We identified regulations that were not being met and the provider must:

  • Ensure that all patients are treated with dignity and respect.
  • Ensure care and treatment is provided in a safe way to patients.
  • Establish effective systems and processes to ensure good governance in accordance with the fundamental standards of care.

You can see full details of the regulations not being met at the end of this report.

There were areas where the provider could make improvements and should:

  • Review the arrangements for ensuring the competency and professional development of staff in relation to training.

12 January 2013

During a routine inspection

We were able to speak with four people who used the service. We received positive feedback from each person. People felt the quality of care was good and they also told us the doctors they saw treated them with dignity and respect.
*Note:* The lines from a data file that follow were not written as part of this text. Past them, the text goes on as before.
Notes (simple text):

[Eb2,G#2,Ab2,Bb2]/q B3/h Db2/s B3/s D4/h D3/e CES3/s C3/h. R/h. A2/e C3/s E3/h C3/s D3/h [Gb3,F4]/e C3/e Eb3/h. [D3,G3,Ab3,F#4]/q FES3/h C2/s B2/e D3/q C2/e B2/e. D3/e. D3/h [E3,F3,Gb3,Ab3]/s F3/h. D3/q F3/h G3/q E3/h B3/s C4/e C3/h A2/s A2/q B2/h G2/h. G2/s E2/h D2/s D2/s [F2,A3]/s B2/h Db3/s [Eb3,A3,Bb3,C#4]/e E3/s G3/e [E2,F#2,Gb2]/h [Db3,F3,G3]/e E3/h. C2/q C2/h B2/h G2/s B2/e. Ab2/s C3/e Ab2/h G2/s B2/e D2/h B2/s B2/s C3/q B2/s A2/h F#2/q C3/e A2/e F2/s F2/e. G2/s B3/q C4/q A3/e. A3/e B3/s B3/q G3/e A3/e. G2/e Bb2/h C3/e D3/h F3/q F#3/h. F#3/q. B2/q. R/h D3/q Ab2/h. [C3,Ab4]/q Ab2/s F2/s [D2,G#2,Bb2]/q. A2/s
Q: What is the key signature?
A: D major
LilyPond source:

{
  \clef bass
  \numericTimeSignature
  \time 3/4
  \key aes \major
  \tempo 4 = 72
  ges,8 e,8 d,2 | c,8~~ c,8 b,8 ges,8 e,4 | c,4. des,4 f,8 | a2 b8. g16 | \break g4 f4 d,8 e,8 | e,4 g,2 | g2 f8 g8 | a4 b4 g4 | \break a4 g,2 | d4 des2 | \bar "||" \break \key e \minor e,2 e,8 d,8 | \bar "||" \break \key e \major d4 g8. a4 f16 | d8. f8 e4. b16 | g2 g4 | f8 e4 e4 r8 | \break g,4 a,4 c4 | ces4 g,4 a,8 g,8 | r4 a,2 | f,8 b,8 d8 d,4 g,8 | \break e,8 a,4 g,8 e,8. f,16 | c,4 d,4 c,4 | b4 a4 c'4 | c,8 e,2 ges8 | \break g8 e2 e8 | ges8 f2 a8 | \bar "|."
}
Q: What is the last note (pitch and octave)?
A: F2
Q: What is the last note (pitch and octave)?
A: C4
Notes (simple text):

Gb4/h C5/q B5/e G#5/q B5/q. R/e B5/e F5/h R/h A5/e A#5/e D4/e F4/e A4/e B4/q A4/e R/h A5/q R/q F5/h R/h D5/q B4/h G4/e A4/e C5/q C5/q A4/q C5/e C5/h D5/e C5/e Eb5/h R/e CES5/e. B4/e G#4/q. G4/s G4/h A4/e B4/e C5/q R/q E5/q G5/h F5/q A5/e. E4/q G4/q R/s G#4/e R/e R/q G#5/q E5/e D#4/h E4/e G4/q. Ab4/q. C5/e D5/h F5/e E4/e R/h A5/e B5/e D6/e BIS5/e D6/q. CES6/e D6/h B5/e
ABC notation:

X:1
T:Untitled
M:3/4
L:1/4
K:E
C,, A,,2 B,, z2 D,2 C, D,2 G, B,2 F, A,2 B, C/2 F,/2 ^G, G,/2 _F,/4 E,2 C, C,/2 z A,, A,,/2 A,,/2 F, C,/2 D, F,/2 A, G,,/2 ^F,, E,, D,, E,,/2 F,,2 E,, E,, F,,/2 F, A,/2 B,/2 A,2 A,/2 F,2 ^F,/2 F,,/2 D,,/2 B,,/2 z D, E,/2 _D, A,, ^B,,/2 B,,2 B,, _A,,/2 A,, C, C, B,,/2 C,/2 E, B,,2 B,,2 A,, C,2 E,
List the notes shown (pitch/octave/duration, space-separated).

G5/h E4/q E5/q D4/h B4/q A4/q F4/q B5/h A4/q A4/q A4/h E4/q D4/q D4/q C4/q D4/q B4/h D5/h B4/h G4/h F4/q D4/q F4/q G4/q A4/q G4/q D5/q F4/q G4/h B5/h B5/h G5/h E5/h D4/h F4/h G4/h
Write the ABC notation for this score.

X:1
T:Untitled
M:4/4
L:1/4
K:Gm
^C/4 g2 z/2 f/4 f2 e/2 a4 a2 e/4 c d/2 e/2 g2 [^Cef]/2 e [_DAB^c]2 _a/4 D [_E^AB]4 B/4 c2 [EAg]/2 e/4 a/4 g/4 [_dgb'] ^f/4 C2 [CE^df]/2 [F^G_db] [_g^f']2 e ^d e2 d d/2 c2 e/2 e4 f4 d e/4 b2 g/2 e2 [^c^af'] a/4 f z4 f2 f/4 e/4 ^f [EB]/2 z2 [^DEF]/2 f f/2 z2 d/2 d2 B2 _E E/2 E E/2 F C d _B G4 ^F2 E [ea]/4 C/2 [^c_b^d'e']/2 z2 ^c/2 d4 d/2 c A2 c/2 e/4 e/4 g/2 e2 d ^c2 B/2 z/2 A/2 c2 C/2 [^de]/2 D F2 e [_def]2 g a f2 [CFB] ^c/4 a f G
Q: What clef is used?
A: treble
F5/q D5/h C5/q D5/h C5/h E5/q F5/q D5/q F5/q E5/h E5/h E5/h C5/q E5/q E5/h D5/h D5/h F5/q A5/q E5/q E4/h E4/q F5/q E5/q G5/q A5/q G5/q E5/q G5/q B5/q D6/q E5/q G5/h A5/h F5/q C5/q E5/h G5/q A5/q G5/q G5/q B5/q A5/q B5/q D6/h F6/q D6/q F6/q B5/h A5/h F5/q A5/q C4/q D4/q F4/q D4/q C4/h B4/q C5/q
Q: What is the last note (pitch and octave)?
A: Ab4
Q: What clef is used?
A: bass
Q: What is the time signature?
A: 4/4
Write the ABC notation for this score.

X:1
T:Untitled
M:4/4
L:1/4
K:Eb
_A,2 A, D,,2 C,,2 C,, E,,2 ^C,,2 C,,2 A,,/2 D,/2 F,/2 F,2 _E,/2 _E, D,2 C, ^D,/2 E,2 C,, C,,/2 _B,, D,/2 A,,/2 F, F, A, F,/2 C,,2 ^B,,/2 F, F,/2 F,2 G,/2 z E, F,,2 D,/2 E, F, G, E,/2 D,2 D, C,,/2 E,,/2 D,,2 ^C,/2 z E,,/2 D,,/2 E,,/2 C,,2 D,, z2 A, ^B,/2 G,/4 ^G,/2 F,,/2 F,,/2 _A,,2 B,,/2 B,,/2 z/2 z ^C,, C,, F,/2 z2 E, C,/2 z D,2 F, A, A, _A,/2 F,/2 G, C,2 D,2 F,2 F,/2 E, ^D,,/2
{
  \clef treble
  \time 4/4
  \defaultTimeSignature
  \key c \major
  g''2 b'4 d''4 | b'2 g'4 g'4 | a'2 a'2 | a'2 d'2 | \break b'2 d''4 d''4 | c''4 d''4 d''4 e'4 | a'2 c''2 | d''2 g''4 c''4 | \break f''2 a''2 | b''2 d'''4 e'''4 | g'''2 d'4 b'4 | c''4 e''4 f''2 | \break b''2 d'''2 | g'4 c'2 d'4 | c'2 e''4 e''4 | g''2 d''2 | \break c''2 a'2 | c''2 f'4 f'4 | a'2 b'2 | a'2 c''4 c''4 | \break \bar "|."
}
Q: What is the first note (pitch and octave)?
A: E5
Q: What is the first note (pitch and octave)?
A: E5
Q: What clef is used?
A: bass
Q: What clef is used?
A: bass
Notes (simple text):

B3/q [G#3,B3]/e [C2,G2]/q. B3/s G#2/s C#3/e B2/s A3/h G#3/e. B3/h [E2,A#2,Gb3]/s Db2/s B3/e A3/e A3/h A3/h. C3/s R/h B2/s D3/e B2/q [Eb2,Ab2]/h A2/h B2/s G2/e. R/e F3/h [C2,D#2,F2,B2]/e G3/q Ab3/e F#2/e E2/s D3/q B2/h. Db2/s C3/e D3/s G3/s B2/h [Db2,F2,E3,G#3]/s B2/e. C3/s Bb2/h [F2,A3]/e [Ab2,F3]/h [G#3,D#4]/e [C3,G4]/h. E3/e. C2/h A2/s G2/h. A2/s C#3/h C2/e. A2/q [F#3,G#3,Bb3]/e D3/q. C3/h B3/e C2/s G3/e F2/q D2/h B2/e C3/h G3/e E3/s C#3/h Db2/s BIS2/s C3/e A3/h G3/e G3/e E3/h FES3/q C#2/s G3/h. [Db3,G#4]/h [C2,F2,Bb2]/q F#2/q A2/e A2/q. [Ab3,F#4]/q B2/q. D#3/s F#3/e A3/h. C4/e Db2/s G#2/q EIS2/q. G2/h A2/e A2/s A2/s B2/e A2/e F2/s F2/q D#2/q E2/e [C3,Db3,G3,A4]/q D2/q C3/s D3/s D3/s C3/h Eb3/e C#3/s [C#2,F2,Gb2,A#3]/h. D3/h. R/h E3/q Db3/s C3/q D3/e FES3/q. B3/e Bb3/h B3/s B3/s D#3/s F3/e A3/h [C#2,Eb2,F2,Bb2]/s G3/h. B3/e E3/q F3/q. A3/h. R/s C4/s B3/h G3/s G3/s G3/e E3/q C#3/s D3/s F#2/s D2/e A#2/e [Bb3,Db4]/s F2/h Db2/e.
One person said, "both me and my mother had visited the clinic and we are both happy with it." Another person said, "I have been there a couple of times and I am very happy with the clinic."

People who use the service were protected from the risk of abuse, because the provider had taken reasonable steps to identify the possibility of abuse and prevent abuse from happening.

People were cared for by staff who were supported to deliver care and treatment safely and to an appropriate standard.

There was an effective complaints system available. Comments and complaints people made were responded to appropriately.